++++ SUPPLIED MATERIAL ++++

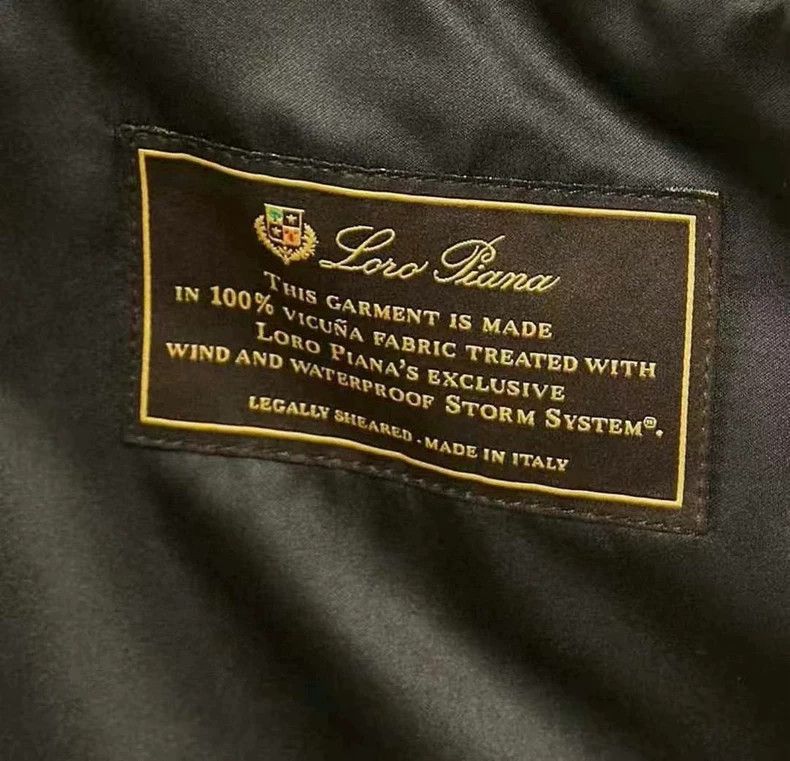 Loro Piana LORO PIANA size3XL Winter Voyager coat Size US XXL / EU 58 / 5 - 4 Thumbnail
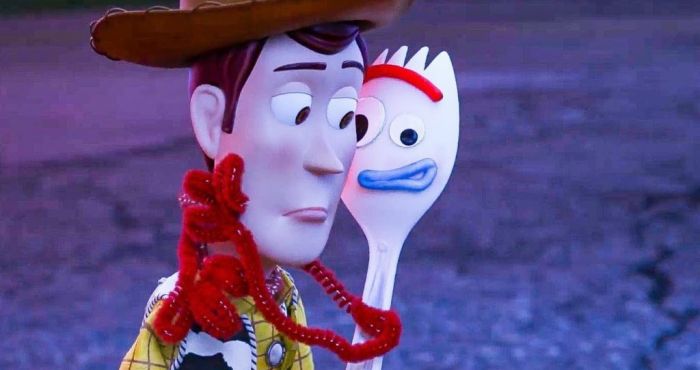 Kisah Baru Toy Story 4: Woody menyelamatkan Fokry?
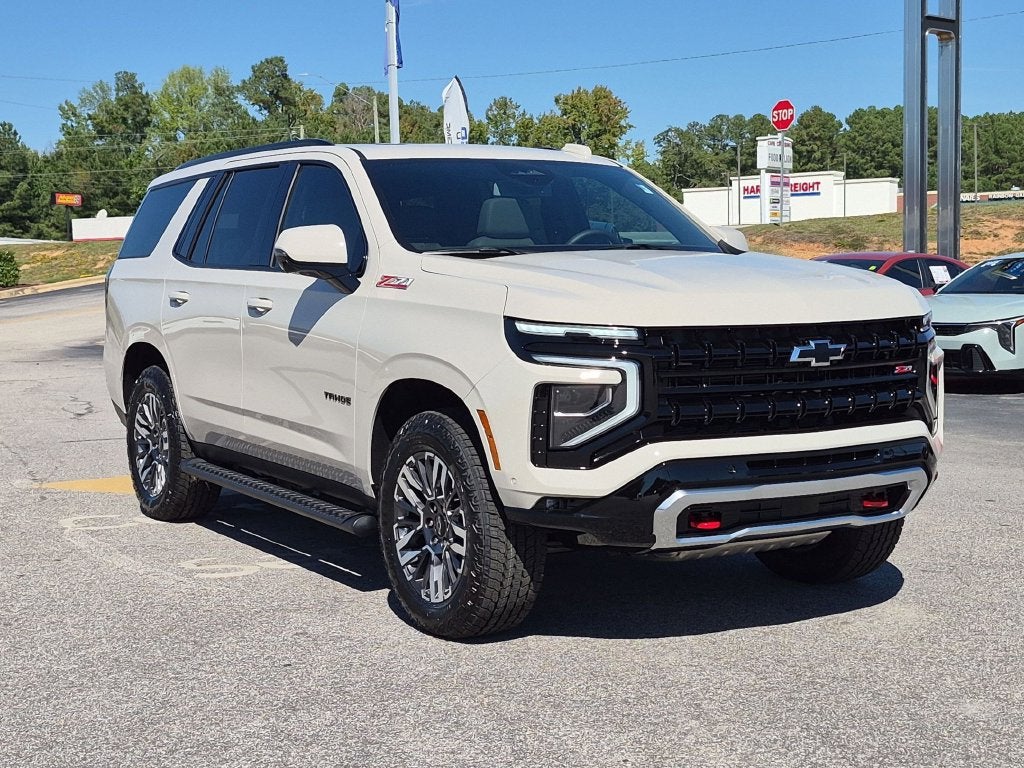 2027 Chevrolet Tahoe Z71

++++
++++ SUPPLIED MATERIAL ++++

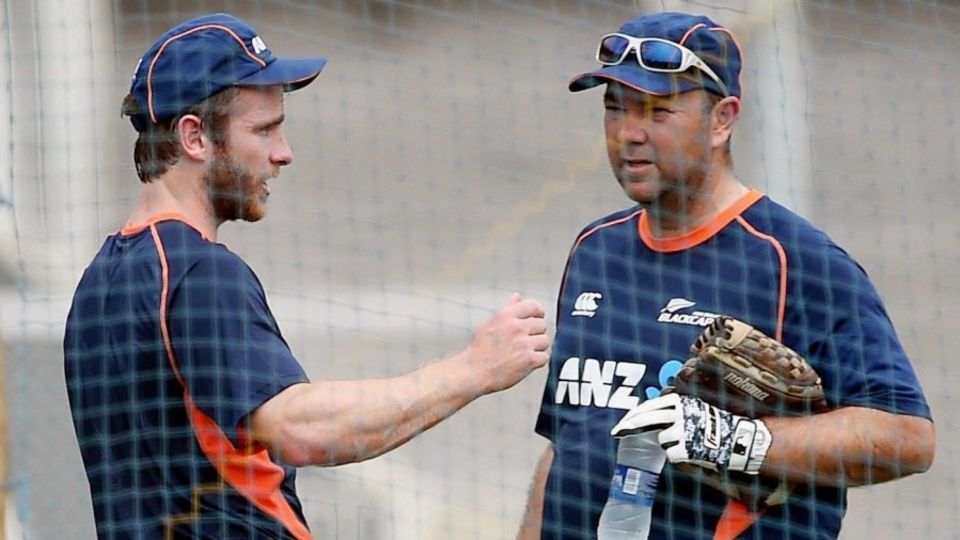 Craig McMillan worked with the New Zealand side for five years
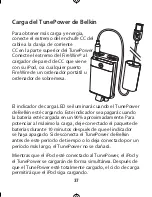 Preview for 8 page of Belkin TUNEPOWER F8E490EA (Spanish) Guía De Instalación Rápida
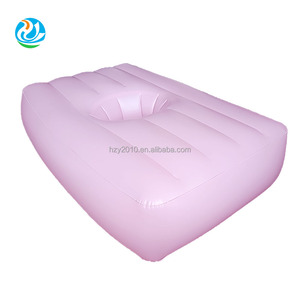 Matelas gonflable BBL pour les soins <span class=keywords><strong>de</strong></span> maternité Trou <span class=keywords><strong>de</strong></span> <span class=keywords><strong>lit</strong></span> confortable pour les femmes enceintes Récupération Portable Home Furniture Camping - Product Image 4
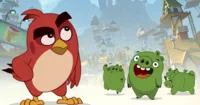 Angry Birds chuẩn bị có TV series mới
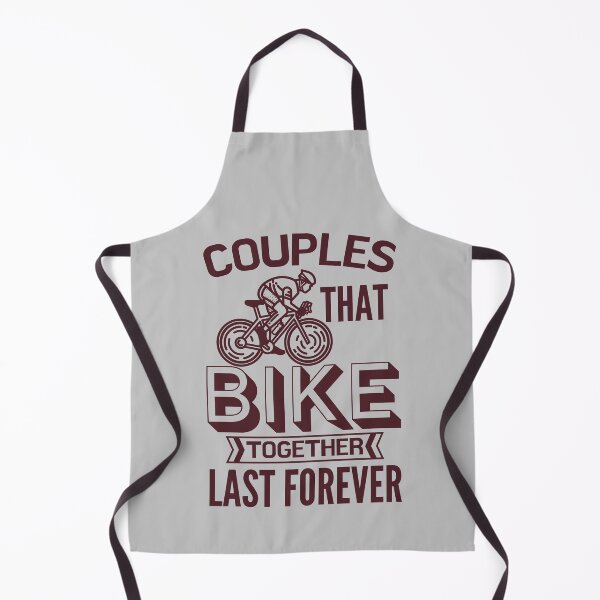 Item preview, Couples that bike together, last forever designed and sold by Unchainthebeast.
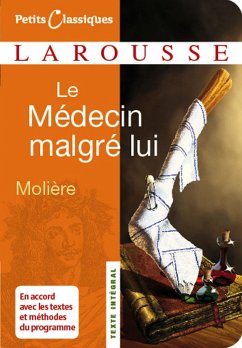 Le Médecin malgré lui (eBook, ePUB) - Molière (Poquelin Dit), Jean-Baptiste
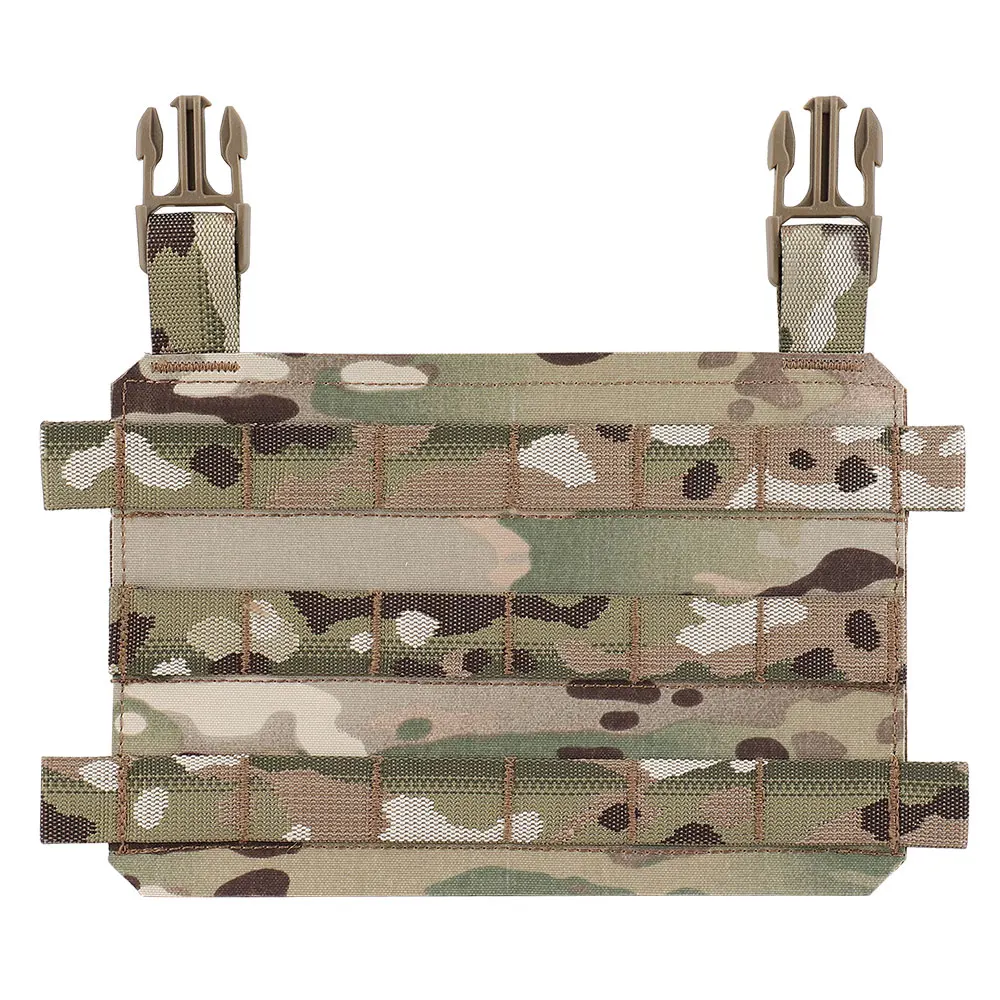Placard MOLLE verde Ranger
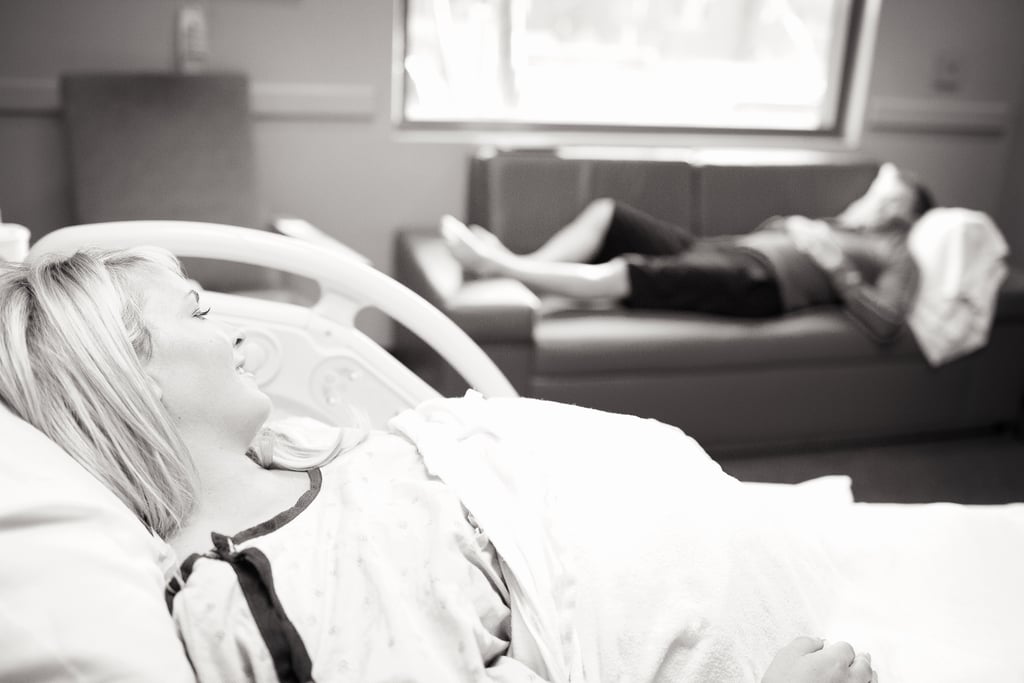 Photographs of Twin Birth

++++
++++ SUPPLIED MATERIAL ++++

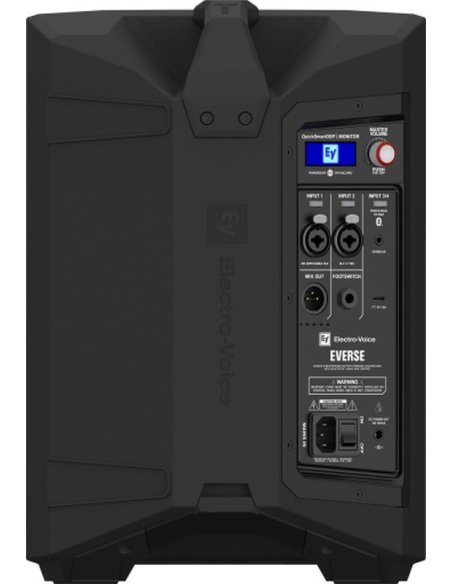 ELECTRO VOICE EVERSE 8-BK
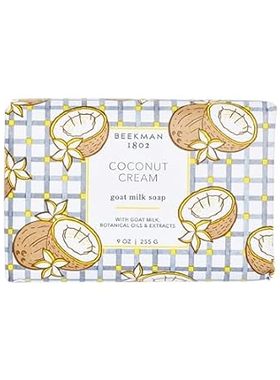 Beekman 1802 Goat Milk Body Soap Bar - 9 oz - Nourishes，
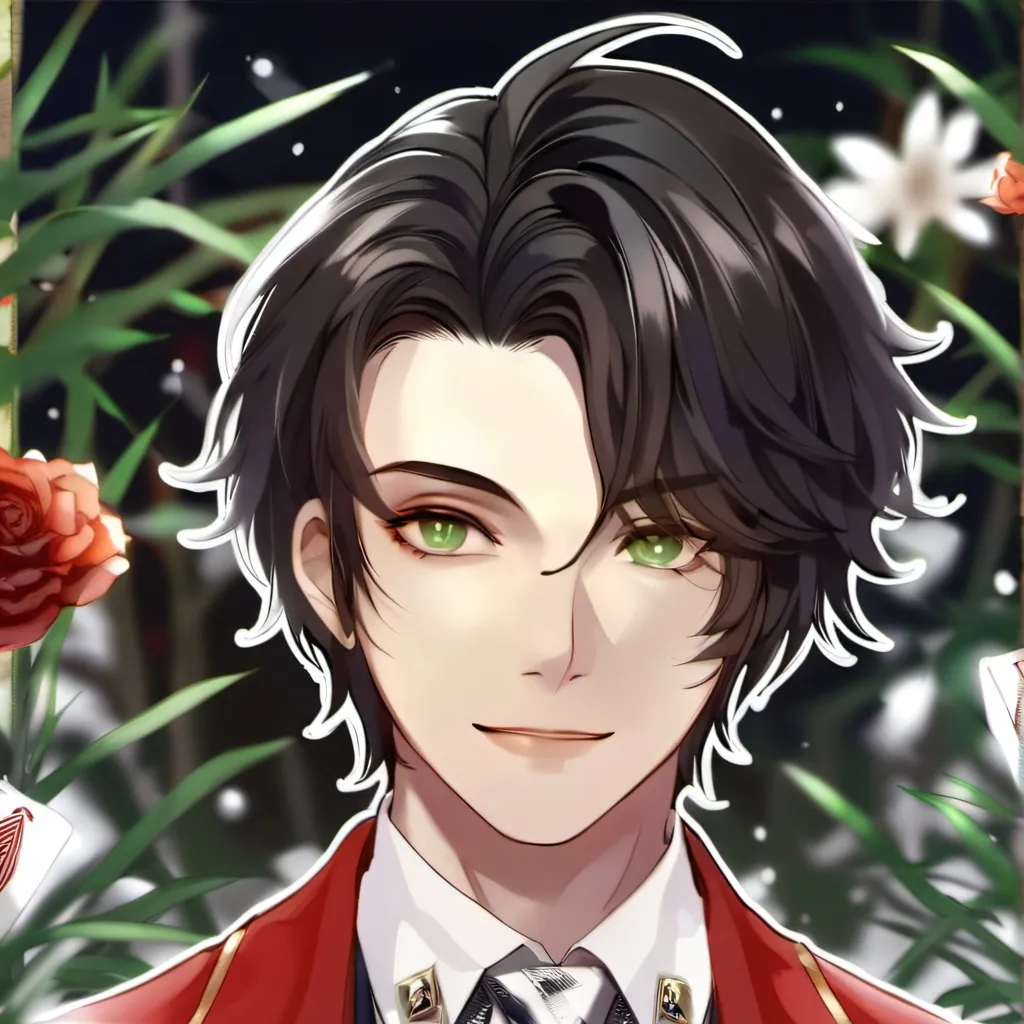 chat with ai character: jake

++++

■ EXERCISE DETAILS ■
In the listing above, find the line with "Item preview, Couples" and the line with "Photographs of Twin Birth". Set down exactly those lines and everything between them, skipping pictures.

■ WRITTEN SOLUTION ■
 Item preview, Couples that bike together, last forever designed and sold by Unchainthebeast.
 Le Médecin malgré lui (eBook, ePUB) - Molière (Poquelin Dit), Jean-Baptiste
Placard MOLLE verde Ranger
 Photographs of Twin Birth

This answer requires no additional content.